Data provided:
━━━━

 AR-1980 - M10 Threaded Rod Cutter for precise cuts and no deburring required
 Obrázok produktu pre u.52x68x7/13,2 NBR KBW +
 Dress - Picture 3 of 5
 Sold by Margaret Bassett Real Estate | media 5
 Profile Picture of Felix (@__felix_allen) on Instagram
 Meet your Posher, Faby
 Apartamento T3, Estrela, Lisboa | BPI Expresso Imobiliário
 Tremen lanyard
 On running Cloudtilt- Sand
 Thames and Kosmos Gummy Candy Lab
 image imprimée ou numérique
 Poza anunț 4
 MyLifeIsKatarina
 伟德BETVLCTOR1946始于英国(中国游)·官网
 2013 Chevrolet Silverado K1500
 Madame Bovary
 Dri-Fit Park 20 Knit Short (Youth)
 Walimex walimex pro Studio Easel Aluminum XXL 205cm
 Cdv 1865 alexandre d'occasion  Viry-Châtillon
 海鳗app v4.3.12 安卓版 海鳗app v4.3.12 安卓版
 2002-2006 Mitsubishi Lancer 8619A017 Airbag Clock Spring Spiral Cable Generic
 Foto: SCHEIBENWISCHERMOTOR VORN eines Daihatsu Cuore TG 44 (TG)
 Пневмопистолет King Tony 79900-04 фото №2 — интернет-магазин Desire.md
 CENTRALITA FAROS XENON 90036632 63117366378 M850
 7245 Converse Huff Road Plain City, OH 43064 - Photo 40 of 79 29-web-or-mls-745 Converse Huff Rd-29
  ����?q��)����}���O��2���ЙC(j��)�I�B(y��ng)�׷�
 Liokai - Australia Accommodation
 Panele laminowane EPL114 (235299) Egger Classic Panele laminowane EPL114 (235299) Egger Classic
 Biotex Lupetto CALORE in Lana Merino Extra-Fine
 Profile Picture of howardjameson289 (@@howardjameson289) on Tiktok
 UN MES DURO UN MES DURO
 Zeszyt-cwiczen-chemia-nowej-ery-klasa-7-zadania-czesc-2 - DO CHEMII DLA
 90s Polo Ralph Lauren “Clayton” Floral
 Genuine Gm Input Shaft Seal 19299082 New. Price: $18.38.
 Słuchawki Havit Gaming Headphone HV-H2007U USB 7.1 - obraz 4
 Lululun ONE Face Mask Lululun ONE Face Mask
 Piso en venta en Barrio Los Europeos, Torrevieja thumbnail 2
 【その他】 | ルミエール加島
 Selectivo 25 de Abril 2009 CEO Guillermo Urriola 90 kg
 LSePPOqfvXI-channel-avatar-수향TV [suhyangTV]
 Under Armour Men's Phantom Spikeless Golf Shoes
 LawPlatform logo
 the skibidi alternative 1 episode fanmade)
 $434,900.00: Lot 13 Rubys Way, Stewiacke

━━━━

Your assignment: Nothing but the lines from the line containing "Piso en venta" through the final line of the entries should appear in your answer, copied exactly.

Answer box:
 Piso en venta en Barrio Los Europeos, Torrevieja thumbnail 2
 【その他】 | ルミエール加島
 Selectivo 25 de Abril 2009 CEO Guillermo Urriola 90 kg
 LSePPOqfvXI-channel-avatar-수향TV [suhyangTV]
 Under Armour Men's Phantom Spikeless Golf Shoes
 LawPlatform logo
 the skibidi alternative 1 episode fanmade)
 $434,900.00: Lot 13 Rubys Way, Stewiacke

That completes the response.